• **Work instructions**:
In your copy, reproduce each entry exactly and leave out the pictures.

• **Dataset extract**:
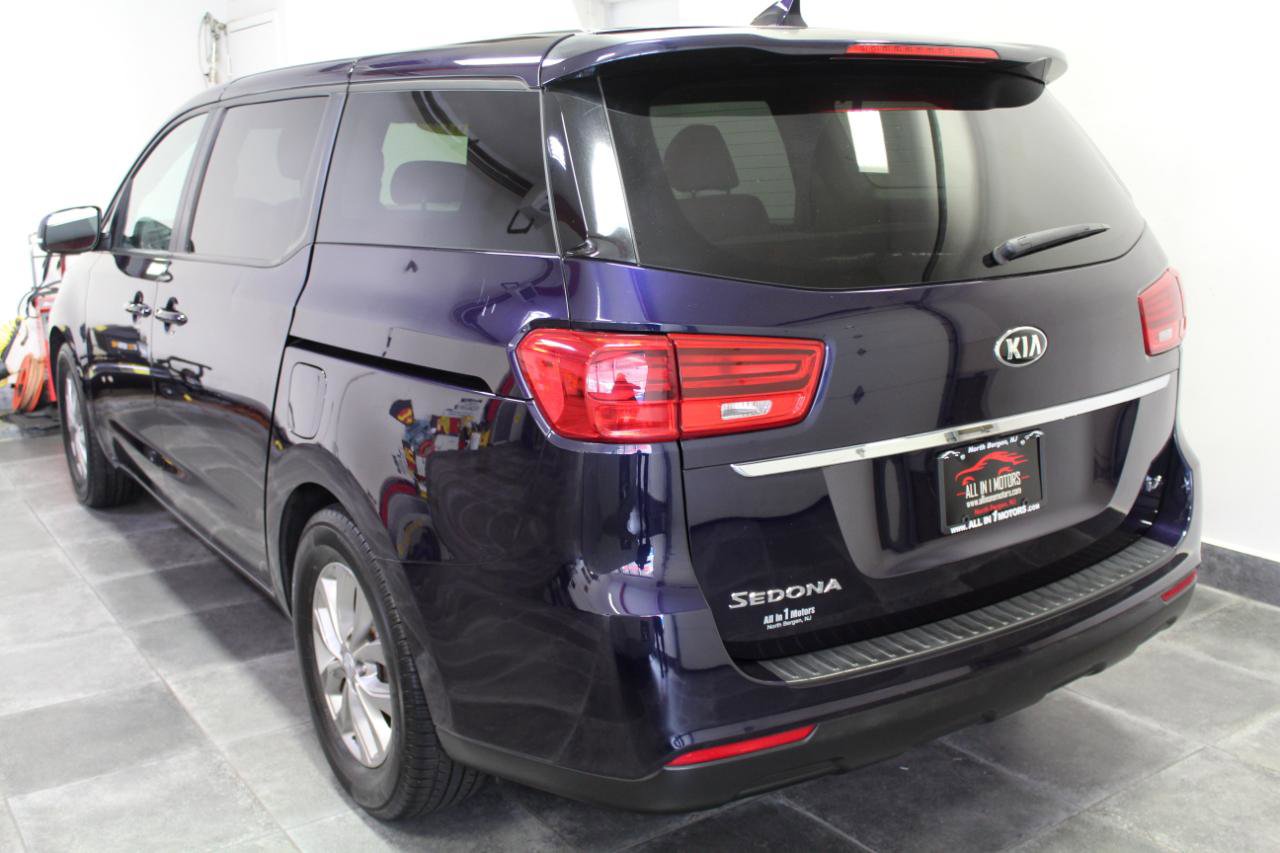 Used 2019 Kia Sedona LX image 4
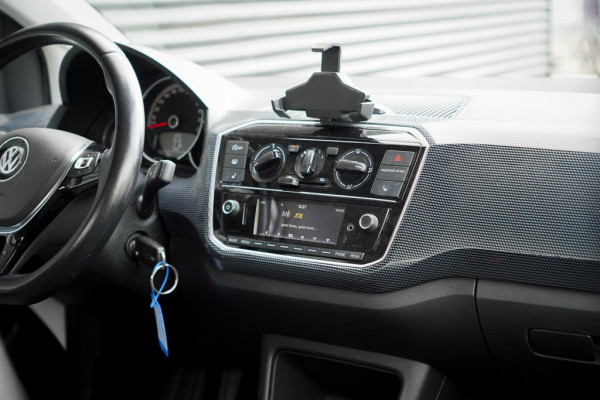 Volkswagen up! 1.0 BMT move up! / Winterpack / 5Drs / Stoelverwarming / AppConnect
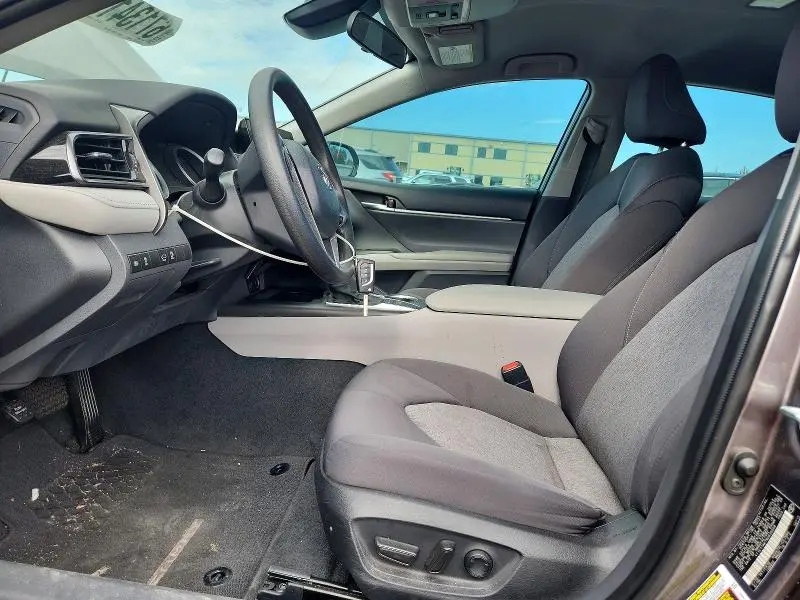 2022 TOYOTA CAMRY LE  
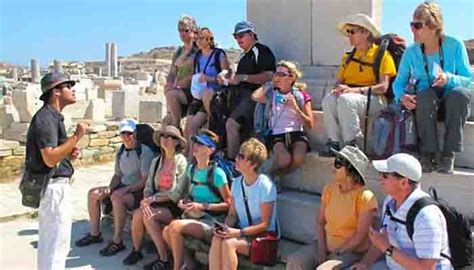 12 bin turist rehberi 15 aydır işsiz Anadolu ya tarım işçisi olarak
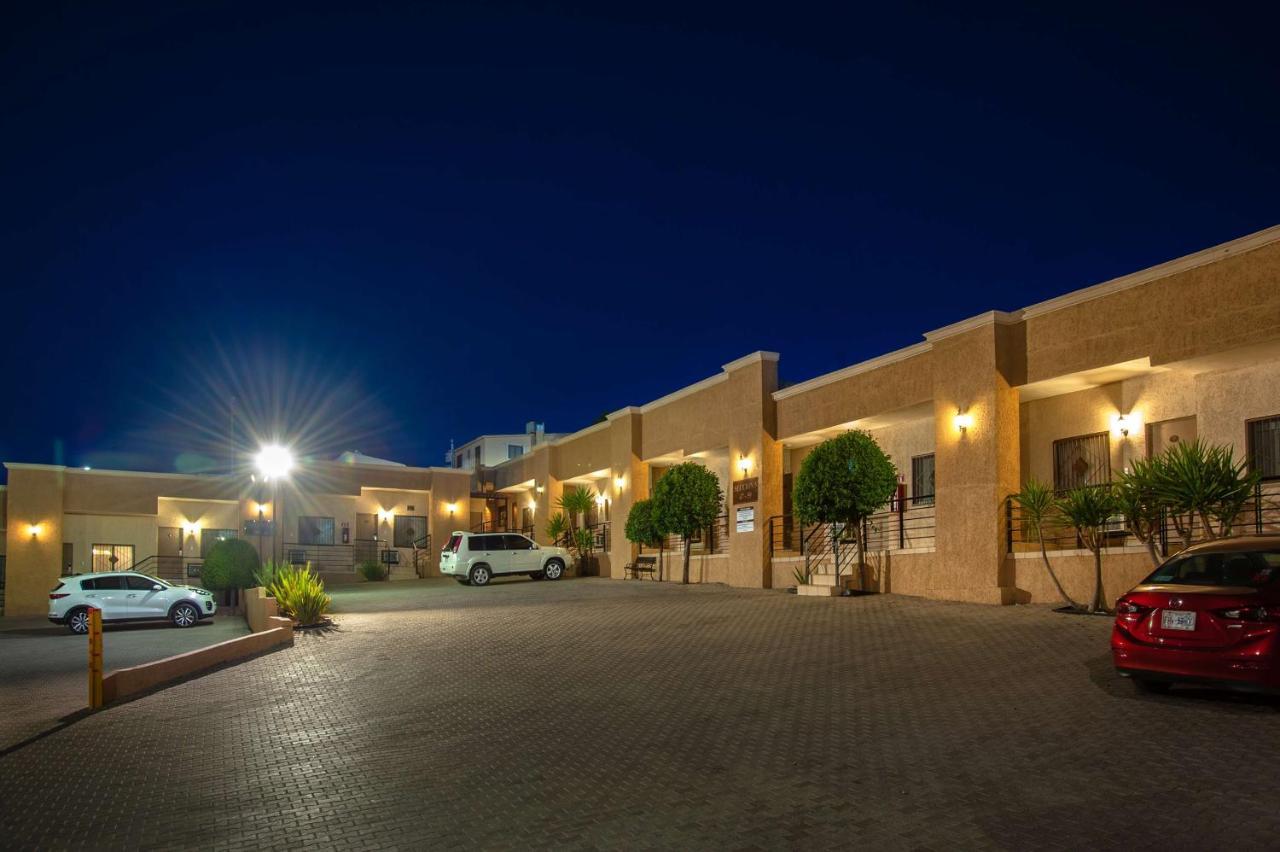 Best Western Cumbres Inn Cd. Cuauhtemoc Exterior photo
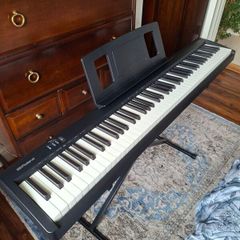 Roland FP10 Digital piano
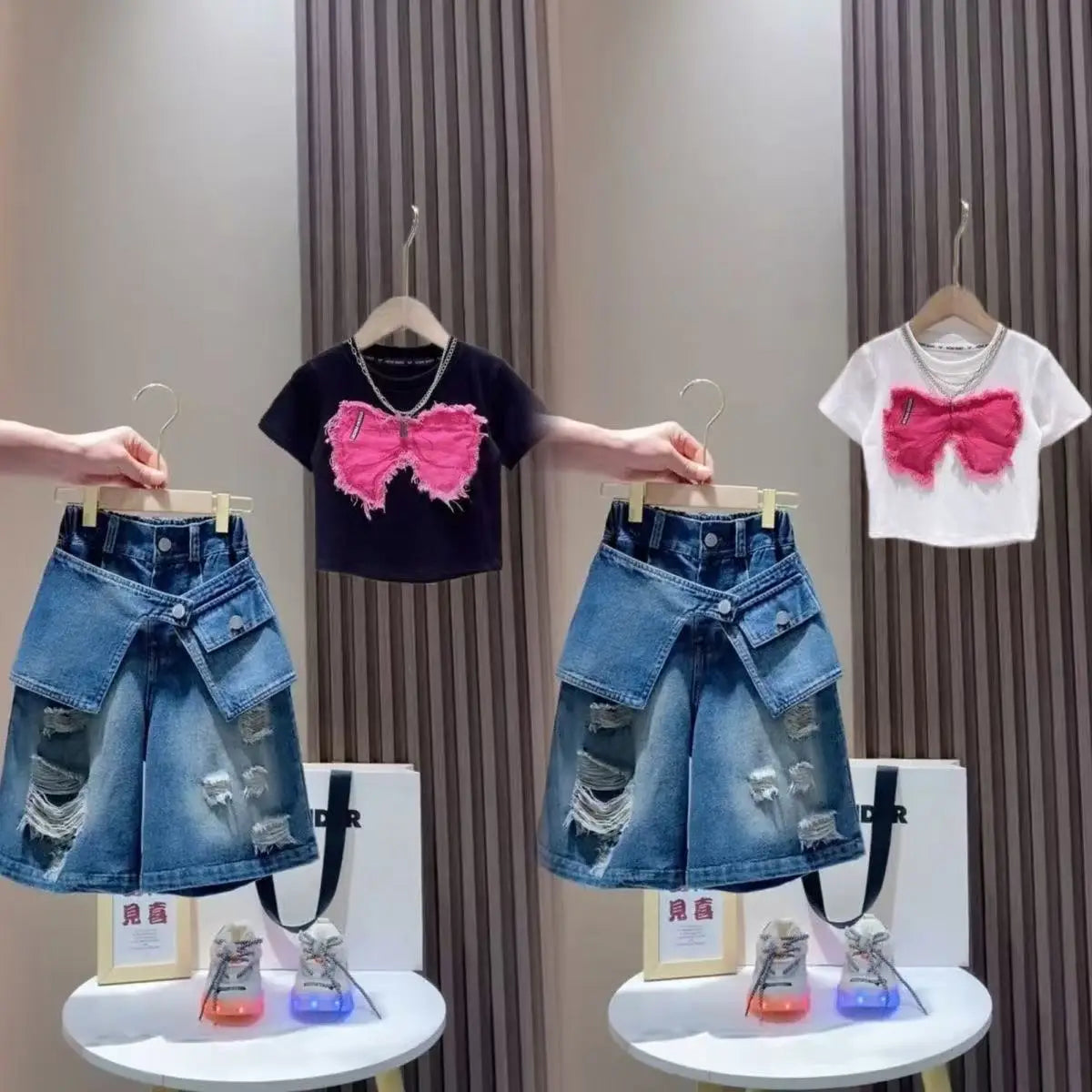 Girls' Set 2026New Mid sized Children's Short sleeved T-shirt Children's Fashionable Girls' Cowboy Five point Shorts 2 piece Set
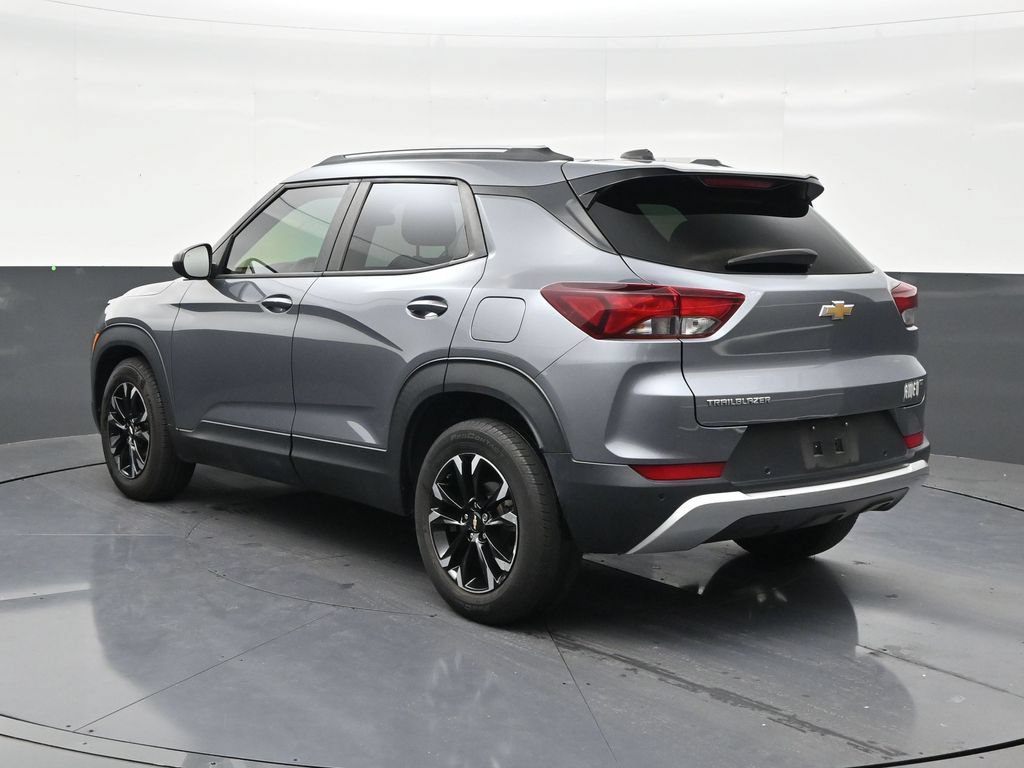 Used 2021 Chevrolet TrailBlazer LT w/ Convenience Package FWD image 3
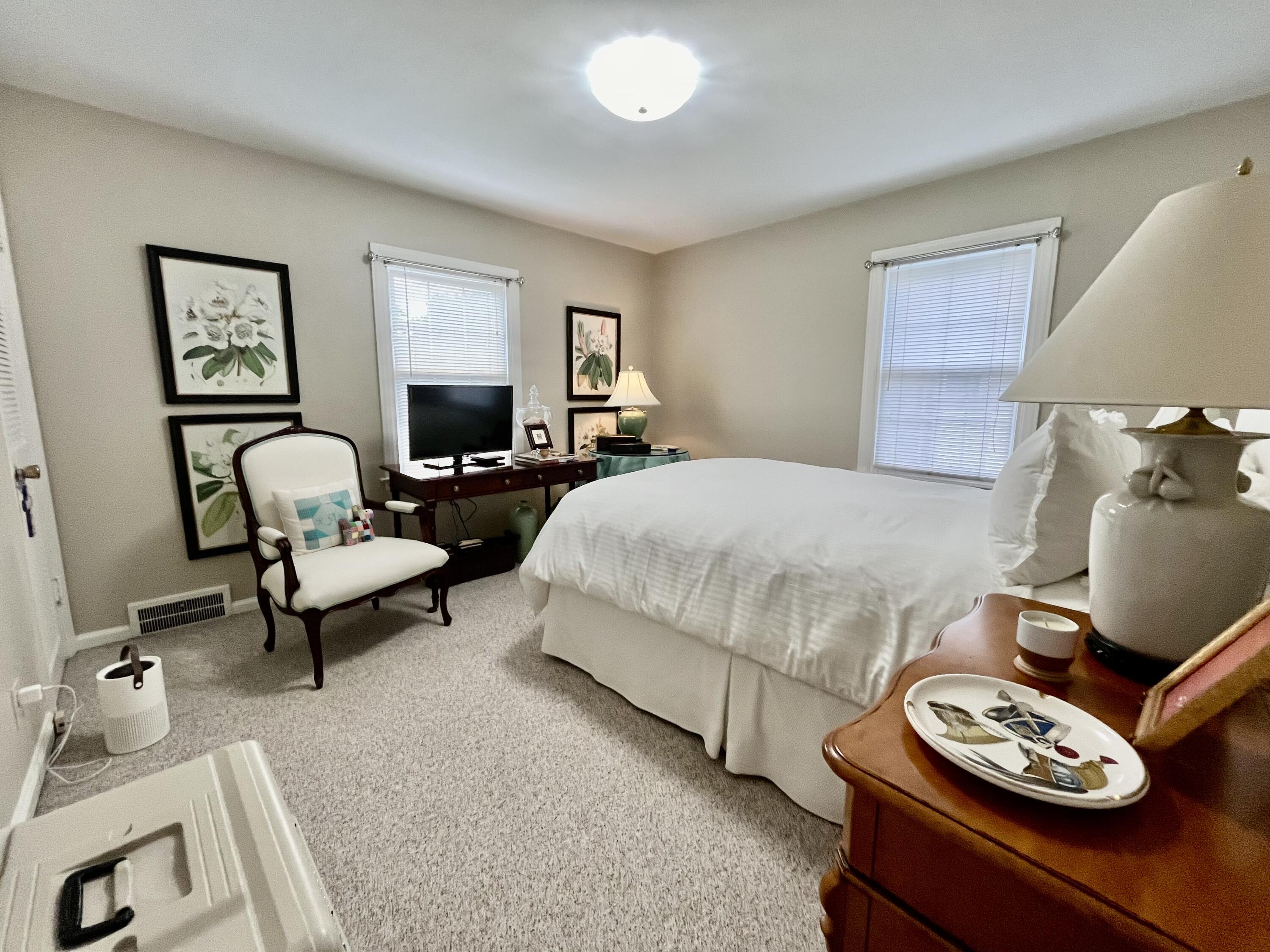 392 Neff Road Grosse Pointe, MI 48230 - Photo 31 of 42 Upper bedroom
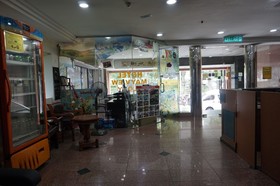 OYO 390 Mayview Glory Hotel
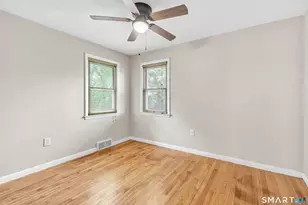 242 Marshall Ln, Derby, CT 06418 - Photo 18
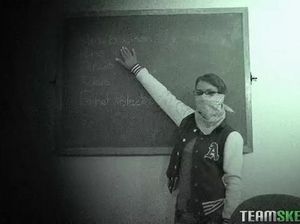 Красивая студентка получила кунилингус и занялась сексом со своим преподавателем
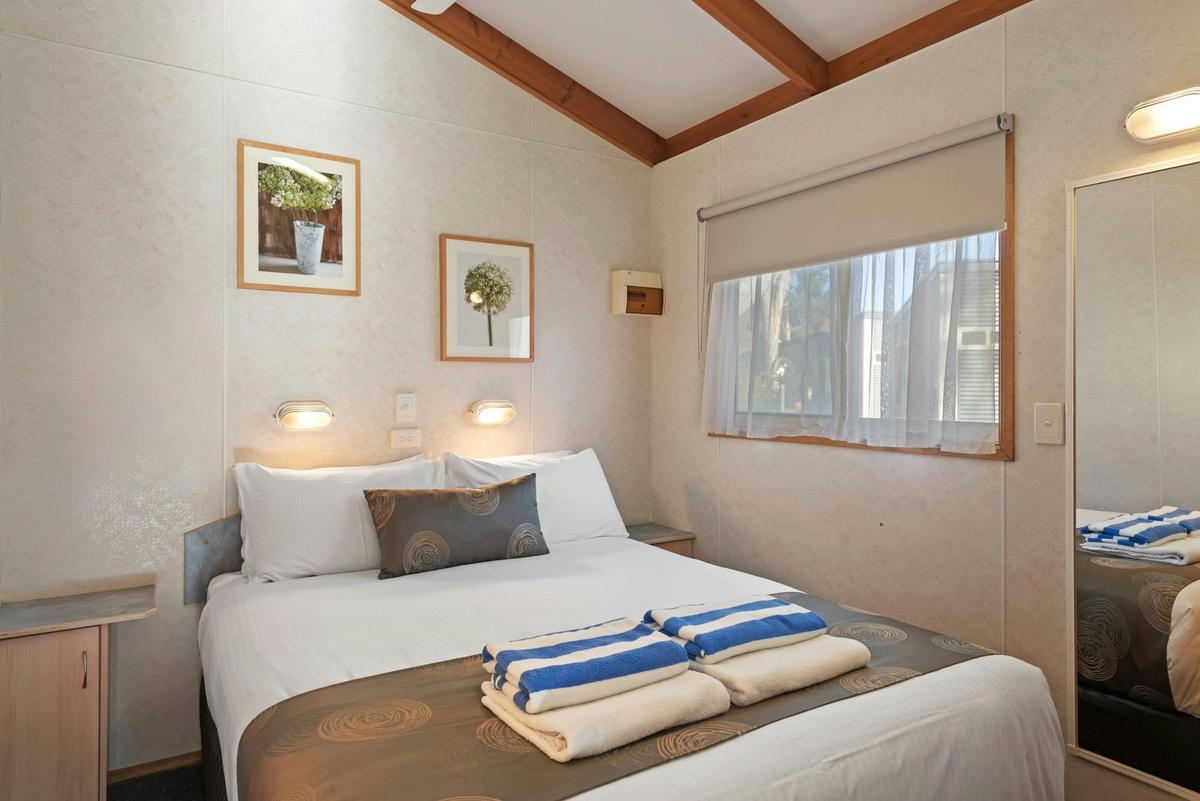 Standard One Bedroom Cabin - Pet Friendly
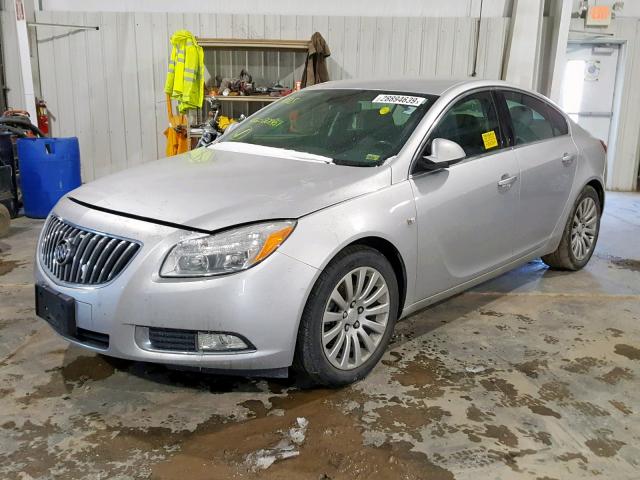 W04GN5EC4B1001451 - 2011 BUICK REGAL CXL SILVER photo 2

• **Response below**:
 Used 2019 Kia Sedona LX image 4
 Volkswagen up! 1.0 BMT move up! / Winterpack / 5Drs / Stoelverwarming / AppConnect
 2022 TOYOTA CAMRY LE  
 12 bin turist rehberi 15 aydır işsiz Anadolu ya tarım işçisi olarak
 Best Western Cumbres Inn Cd. Cuauhtemoc Exterior photo
 Roland FP10 Digital piano
 Girls' Set 2026New Mid sized Children's Short sleeved T-shirt Children's Fashionable Girls' Cowboy Five point Shorts 2 piece Set
 Used 2021 Chevrolet TrailBlazer LT w/ Convenience Package FWD image 3
 392 Neff Road Grosse Pointe, MI 48230 - Photo 31 of 42 Upper bedroom
 OYO 390 Mayview Glory Hotel
 242 Marshall Ln, Derby, CT 06418 - Photo 18
 Красивая студентка получила кунилингус и занялась сексом со своим преподавателем
 Standard One Bedroom Cabin - Pet Friendly
 W04GN5EC4B1001451 - 2011 BUICK REGAL CXL SILVER photo 2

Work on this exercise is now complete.